* **Try it**: Lines from the start of the data through the line containing "in the plate" must be given again exactly. Leave the others out.

* **Short web captions**:
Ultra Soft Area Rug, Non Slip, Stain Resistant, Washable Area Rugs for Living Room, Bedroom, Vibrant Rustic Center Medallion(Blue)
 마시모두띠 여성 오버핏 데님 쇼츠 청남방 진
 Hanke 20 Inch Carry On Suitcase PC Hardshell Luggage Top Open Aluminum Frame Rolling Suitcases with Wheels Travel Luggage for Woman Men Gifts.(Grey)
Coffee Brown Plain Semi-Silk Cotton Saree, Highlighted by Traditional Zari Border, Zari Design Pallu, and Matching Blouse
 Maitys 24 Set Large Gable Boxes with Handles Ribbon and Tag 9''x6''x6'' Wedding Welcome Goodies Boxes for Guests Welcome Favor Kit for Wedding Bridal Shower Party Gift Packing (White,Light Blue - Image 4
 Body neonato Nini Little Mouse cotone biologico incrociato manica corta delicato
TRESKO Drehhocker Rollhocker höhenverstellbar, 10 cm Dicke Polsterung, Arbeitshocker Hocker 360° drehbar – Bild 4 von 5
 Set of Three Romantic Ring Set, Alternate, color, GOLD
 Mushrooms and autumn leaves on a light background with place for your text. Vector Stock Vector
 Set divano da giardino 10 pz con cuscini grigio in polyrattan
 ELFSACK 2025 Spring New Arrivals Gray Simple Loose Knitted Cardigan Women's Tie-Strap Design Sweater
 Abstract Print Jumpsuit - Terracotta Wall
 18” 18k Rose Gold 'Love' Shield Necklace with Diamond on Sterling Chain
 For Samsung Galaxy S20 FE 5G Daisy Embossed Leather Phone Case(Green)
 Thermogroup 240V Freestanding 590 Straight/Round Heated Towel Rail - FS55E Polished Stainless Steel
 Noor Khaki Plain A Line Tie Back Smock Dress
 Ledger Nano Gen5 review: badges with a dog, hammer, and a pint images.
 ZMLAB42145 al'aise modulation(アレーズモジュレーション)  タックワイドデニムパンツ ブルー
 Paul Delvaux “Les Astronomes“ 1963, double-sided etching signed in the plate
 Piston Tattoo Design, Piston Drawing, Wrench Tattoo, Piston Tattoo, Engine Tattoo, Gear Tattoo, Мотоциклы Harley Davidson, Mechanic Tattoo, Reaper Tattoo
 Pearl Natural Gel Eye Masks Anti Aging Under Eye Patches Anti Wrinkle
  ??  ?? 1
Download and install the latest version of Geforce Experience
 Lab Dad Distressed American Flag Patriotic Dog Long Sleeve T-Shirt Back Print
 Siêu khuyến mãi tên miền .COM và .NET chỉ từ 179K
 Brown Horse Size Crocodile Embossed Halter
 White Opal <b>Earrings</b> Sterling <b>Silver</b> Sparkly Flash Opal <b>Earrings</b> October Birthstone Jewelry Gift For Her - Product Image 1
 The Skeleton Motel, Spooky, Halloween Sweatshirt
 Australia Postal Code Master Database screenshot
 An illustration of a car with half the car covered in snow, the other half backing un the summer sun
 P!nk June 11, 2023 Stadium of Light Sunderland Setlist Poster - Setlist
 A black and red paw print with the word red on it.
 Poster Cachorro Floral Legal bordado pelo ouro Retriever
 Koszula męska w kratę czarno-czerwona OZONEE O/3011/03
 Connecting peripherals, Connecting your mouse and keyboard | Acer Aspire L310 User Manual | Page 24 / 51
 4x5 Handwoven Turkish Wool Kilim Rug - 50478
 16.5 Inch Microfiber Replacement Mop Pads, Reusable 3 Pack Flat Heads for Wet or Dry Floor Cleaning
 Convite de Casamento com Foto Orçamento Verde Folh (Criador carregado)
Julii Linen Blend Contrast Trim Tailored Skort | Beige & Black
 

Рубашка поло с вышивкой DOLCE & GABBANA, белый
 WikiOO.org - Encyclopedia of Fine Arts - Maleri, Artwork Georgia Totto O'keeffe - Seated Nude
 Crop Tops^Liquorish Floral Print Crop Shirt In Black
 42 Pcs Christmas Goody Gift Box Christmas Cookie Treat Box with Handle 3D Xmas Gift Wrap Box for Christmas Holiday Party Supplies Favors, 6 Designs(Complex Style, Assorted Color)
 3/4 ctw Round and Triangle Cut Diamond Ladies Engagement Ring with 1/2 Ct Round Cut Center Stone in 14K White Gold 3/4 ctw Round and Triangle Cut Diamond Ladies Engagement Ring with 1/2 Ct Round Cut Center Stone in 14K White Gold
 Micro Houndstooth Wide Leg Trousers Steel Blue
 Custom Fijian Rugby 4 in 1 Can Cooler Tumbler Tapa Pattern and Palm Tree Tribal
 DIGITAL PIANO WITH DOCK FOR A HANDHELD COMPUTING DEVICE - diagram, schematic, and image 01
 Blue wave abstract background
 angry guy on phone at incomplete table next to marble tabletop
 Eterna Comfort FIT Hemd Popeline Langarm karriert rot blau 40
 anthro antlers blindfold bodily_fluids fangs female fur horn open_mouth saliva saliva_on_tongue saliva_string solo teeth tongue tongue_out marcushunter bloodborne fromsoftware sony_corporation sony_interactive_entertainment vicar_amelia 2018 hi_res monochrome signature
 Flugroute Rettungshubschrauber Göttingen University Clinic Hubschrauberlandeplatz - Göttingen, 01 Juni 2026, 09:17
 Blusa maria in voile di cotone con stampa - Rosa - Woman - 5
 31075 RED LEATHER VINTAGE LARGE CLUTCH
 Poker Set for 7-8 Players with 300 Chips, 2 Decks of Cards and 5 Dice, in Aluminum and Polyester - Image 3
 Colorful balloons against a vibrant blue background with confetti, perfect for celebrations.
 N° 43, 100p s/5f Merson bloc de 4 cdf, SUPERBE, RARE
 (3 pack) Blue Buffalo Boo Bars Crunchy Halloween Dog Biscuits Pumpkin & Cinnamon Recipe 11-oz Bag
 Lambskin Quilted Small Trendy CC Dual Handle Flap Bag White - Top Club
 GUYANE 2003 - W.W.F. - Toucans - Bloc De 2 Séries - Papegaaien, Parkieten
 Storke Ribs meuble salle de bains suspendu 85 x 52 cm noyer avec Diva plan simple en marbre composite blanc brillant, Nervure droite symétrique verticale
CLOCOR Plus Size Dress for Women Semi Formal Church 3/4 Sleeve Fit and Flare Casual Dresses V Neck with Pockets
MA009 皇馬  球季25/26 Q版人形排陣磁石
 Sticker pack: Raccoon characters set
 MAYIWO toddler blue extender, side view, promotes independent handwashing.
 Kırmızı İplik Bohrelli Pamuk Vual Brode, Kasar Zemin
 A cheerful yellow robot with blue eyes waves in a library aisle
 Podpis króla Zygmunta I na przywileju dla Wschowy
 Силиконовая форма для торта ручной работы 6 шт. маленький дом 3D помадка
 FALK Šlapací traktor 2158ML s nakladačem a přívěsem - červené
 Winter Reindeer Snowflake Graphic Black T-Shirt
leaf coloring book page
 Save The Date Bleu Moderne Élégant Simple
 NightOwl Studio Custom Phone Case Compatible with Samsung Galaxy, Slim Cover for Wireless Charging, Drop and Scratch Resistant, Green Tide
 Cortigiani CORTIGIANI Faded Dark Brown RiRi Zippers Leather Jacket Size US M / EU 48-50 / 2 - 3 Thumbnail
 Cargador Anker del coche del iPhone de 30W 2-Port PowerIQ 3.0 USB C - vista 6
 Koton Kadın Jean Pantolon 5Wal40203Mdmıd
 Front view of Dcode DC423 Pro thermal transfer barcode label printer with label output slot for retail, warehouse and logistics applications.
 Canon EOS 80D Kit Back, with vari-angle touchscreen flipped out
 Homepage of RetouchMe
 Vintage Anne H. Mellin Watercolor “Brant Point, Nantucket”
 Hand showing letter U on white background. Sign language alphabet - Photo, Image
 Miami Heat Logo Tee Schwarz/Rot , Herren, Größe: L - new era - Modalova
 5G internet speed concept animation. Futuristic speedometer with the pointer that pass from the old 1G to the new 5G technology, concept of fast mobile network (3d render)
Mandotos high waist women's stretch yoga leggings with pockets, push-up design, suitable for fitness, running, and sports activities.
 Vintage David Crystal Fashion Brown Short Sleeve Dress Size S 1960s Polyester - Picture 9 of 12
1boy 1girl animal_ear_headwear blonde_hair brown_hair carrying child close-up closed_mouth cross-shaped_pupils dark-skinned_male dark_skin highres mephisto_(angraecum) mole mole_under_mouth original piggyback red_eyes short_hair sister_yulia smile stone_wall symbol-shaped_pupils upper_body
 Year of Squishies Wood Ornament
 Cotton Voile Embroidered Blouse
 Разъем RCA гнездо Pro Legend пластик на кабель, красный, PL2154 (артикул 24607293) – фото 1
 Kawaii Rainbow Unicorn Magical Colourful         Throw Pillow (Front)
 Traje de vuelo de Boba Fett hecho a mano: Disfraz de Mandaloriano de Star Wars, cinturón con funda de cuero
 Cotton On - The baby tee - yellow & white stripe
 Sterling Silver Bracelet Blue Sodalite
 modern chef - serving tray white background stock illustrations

* **Answer to the exercise**:
Ultra Soft Area Rug, Non Slip, Stain Resistant, Washable Area Rugs for Living Room, Bedroom, Vibrant Rustic Center Medallion(Blue)
 마시모두띠 여성 오버핏 데님 쇼츠 청남방 진
 Hanke 20 Inch Carry On Suitcase PC Hardshell Luggage Top Open Aluminum Frame Rolling Suitcases with Wheels Travel Luggage for Woman Men Gifts.(Grey)
Coffee Brown Plain Semi-Silk Cotton Saree, Highlighted by Traditional Zari Border, Zari Design Pallu, and Matching Blouse
 Maitys 24 Set Large Gable Boxes with Handles Ribbon and Tag 9''x6''x6'' Wedding Welcome Goodies Boxes for Guests Welcome Favor Kit for Wedding Bridal Shower Party Gift Packing (White,Light Blue - Image 4
 Body neonato Nini Little Mouse cotone biologico incrociato manica corta delicato
TRESKO Drehhocker Rollhocker höhenverstellbar, 10 cm Dicke Polsterung, Arbeitshocker Hocker 360° drehbar – Bild 4 von 5
 Set of Three Romantic Ring Set, Alternate, color, GOLD
 Mushrooms and autumn leaves on a light background with place for your text. Vector Stock Vector
 Set divano da giardino 10 pz con cuscini grigio in polyrattan
 ELFSACK 2025 Spring New Arrivals Gray Simple Loose Knitted Cardigan Women's Tie-Strap Design Sweater
 Abstract Print Jumpsuit - Terracotta Wall
 18” 18k Rose Gold 'Love' Shield Necklace with Diamond on Sterling Chain
 For Samsung Galaxy S20 FE 5G Daisy Embossed Leather Phone Case(Green)
 Thermogroup 240V Freestanding 590 Straight/Round Heated Towel Rail - FS55E Polished Stainless Steel
 Noor Khaki Plain A Line Tie Back Smock Dress
 Ledger Nano Gen5 review: badges with a dog, hammer, and a pint images.
 ZMLAB42145 al'aise modulation(アレーズモジュレーション)  タックワイドデニムパンツ ブルー
 Paul Delvaux “Les Astronomes“ 1963, double-sided etching signed in the plate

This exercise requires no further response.